When mirroring is enabled, the server will always issue Flexible File layouts.
.Pp
It is also possible to specify which DSs are to be used to store data files for
specific exported file systems on the MDS.
For example, if the MDS has exported two file systems
.Dq /export1
and
.Dq /export2
to clients, the following variant of
.Dq nfs_server_flags
will specify that data files for
.Dq /export1
will be stored on nfsv4-data0 and nfsv4-data1, whereas the data files for
.Dq /export2
will be store on nfsv4-data2 and nfsv4-data3.
.Bd -literal -offset
nfs_server_flags="-u -t -n 128 -p nfsv4-data0:/data0#/export1,nfsv4-data1:/data1#/export1,nfsv4-data2:/data2#/export2,nfsv4-data3:/data3#/export2"
.Ed
.sp
This can be used by system administrators to control where data files are
stored and might be useful for control of storage use.
For this case, it may be convenient to co-locate more than one of the DSs
on the same FreeBSD server, using separate file systems on the DS system
for storage of the respective DS's data files.

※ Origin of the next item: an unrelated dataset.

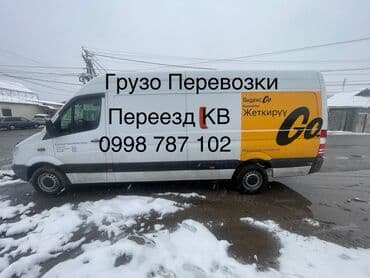 купить колесо для тележки: Грузоперевозки на коммерческом фургоне Mercedes-Benz (удлинённая база — 3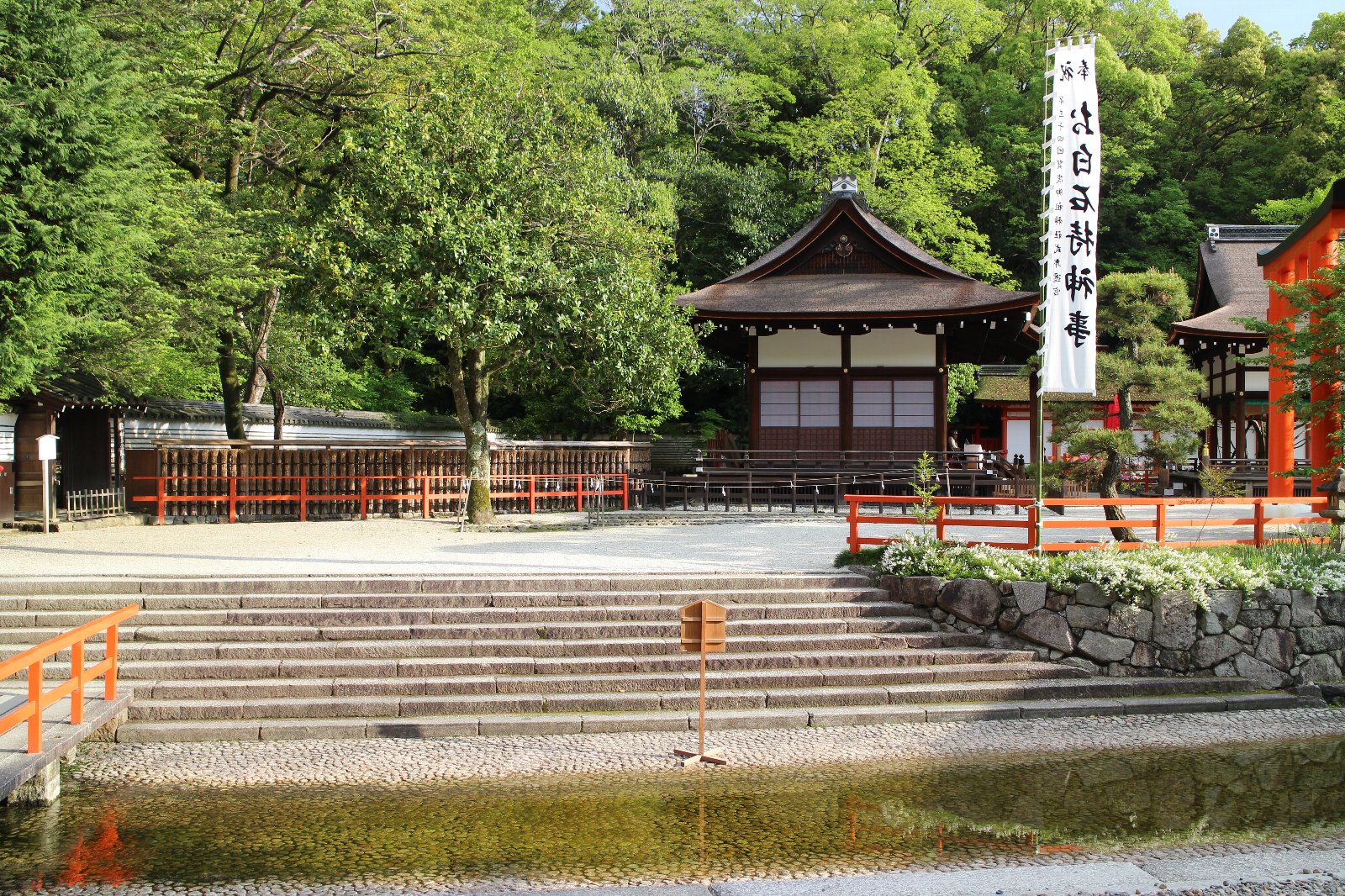 京都聖地巡礼の旅 恋物語 編 ろんでにおんころに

If mirroring is desired for this case, the
.Dq -m
option also needs to be specified.
There must be enough DSs assigned to each exported file system on the MDS
to support the level of mirroring.
The above example would be fine for two way mirroring, but four way mirroring
would not work, since there are only two DSs assigned to each exported file
system on the MDS.
.Pp
The number of subdirectories in each DS is defined by the
.Dq vfs.nfs.dsdirsize
sysctl on the MDS.
This value can be increased from the default of 20, but only when the
.Xr nfsd 8
is not running and after the additional ds20,... subdirectories have been
created on all the DSs.
For a service that will store a large number of files this sysctl should be
set much larger, to avoid the number of entries in a subdirectory from
getting too large.
.Sh Client mounts
Once operational, NFSv4.1 or NFSv4.2 FreeBSD client mounts
done with the
.Dq pnfs
option should do I/O directly on the DSs.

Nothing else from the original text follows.